長老たちは、まっさきに生命を失う存在でしたが、同時に、ペテロも長老も『栄光にあずかる者』として召されていることを教えます。この素晴らしい保証は、死を常に帯びた長老たちを励ます言葉でもありますが、 τῆς μελλούσης ἀποκαλύπτεσθαι δόξης κοινωνός(私訳:確実に啓示される恵みに預かる者)命と引き換えに、やがて示される恵みにあるかることができるとペテロは力強く語ります。

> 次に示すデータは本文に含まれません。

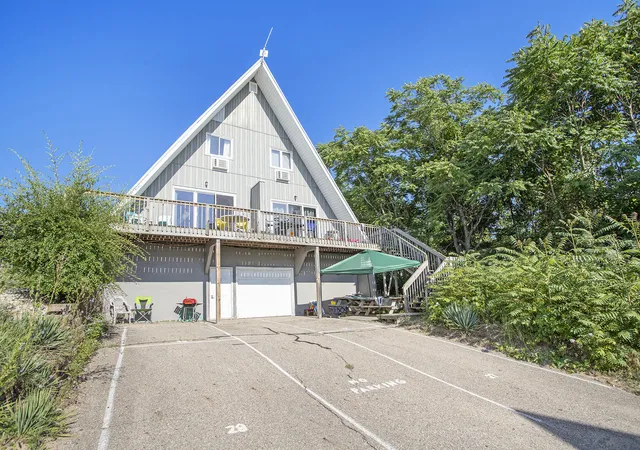 5340-notre-dame-ave-28-stevensville-mi-49127/hzid_f170d328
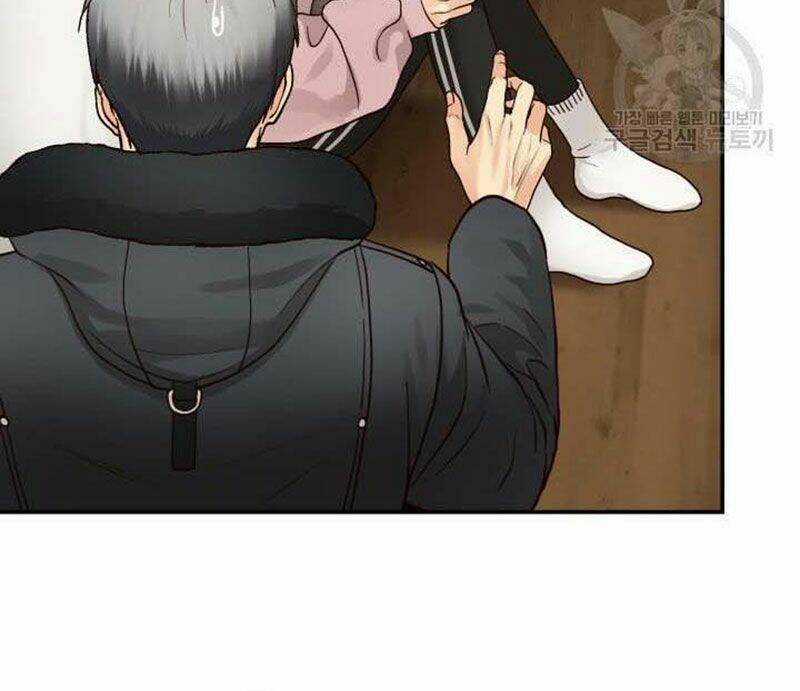 Ánh Sao Ban Mai Chapter 9 trang 18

なぜ、ペテロはそう言い得るのか。それは、主イエス・キリストの十字架と復活のμάρτυς(マルトゥス)目撃者だったからです。たしかに生命の危機は長老たちを代表として襲いかかっていましたが、イエス・キリストの復活による恵みというものも、長老たちに真っ先に与えられる祝福でした。
この祝福は、復活の証人であるペテロが語る言葉ほど確実なものはないでしょう。

私も、御言葉を語る働きに遣わされていますが、その重みというものを今日の節から学ばされております。かつての教会の長老たちは、その生命を捨てる覚悟で教会を牧していました。自分の生命が失われてもクリスチャンの永遠のいのちのために捧げていました。果たして、自分にその姿が見られるだろうかと自分を吟味させられております。

原始教会のような迫害は今は見られません。しかし、共産国やイスラム教国での迫害は、原始教会に引けをとりません。そうした過酷な中で信仰を持たねばならないクリスチャンや指導する牧師や伝道者の命がけの信仰は日本でもかつて存在したことでした。そういう試練の中で果たして自分は務まるのだろうかという思いを抱く箇所でした。

ペテロの言葉は、今に生きる私たちへの励ましであり、たとえ、迫害の中に置かれたとしても、羊たちを支え導くという働きは変わらないということに気が付かされます。それは、主イエス・キリストが、そのいのちを教会のために捨て、ペテロや使徒たちもクリスチャンたちのために生命を捨てたのと同様でした。原始教会の長老たちも次々とその生命を落としましたが、彼らは非業の死を遂げようとも、希望は捨てませんでした。彼らは、十字架の死と復活をその目で目撃したペテロや弟子たちの証言を懐き、復活の恵みに預かれる保証をいただくだけでなく、純真な思いで率先して十字架に向かっていこうという勇気の中に信仰の証しを置いたからでした。
平和な時代に生きている私たちは、自分が取り組む十字架があるはずです。その十字架に向かって、勇気を出して歩みだそうではありませんか。